§ Task: Exactly the lines below, starting with the one containing "Custom Label 120" and going on through the one containing "Stylized black and", must be reproduced, both ends included, and no pictures with them.

───── Dataset excerpts ─────

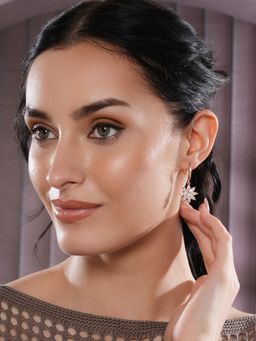 Aatmana - Rose Gold-Plated and White Floral Drop Earrings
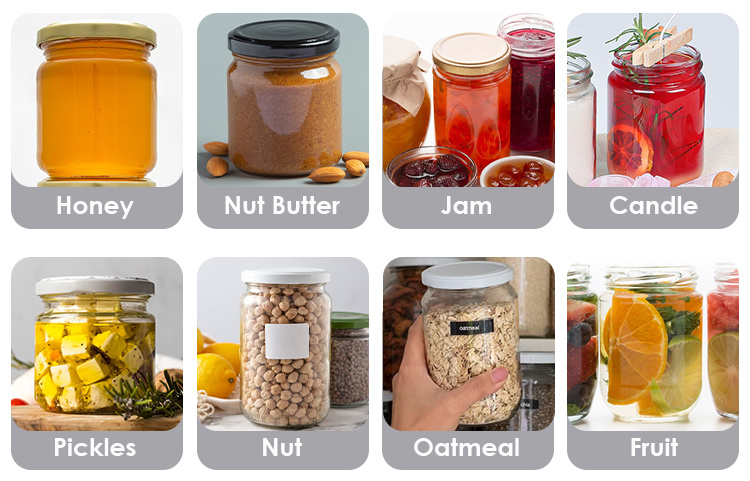 Custom Label 120 Ml 240 Ml 300 Ml Food Storage Sundry Food Jars Glass Jar with Lid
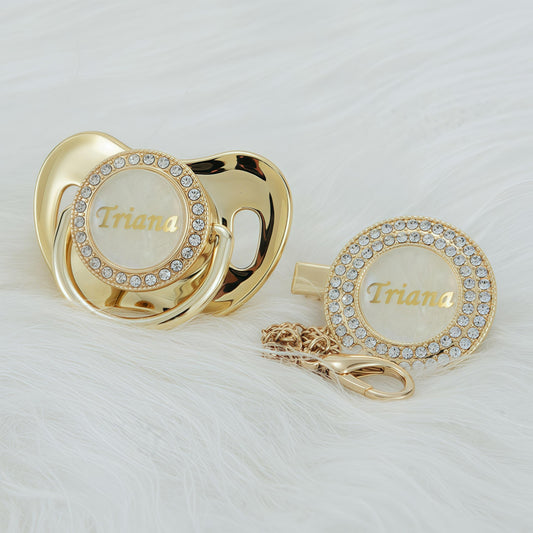 MIYOCAR Custom Gold Bling Diamond Baby Pacifier with Clip Set Personalized for Newborns and Babies Personalized Baby Bling Pacifier gold  pacifier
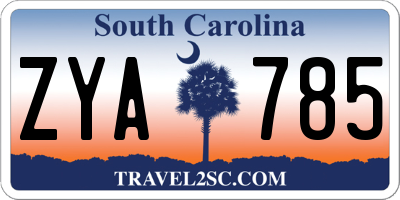 SC license plate ZYA785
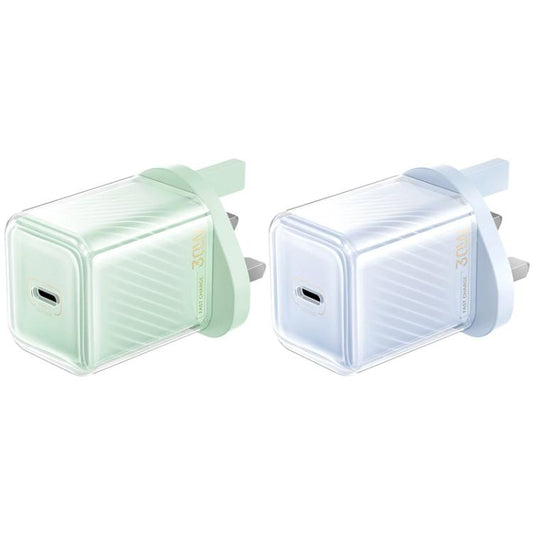 REMAX RP-U91 Jiltry Series 30W PD+QC Type-C GaN Multi-compatible Fast Charger, Plug:UK Plug(Purple) - USB Charger by REMAX | Online Shopping UK | buy2fix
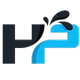 Stylized black and blue H2 logo with water splash accents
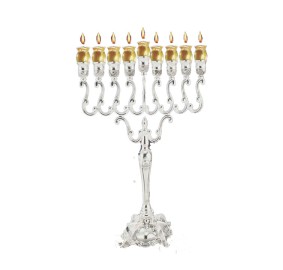 SILVER PLATED OIL MENORAH 9.25" X 10"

─────

§ Response area:
 Custom Label 120 Ml 240 Ml 300 Ml Food Storage Sundry Food Jars Glass Jar with Lid
 MIYOCAR Custom Gold Bling Diamond Baby Pacifier with Clip Set Personalized for Newborns and Babies Personalized Baby Bling Pacifier gold  pacifier
 SC license plate ZYA785
 REMAX RP-U91 Jiltry Series 30W PD+QC Type-C GaN Multi-compatible Fast Charger, Plug:UK Plug(Purple) - USB Charger by REMAX | Online Shopping UK | buy2fix
 Stylized black and blue H2 logo with water splash accents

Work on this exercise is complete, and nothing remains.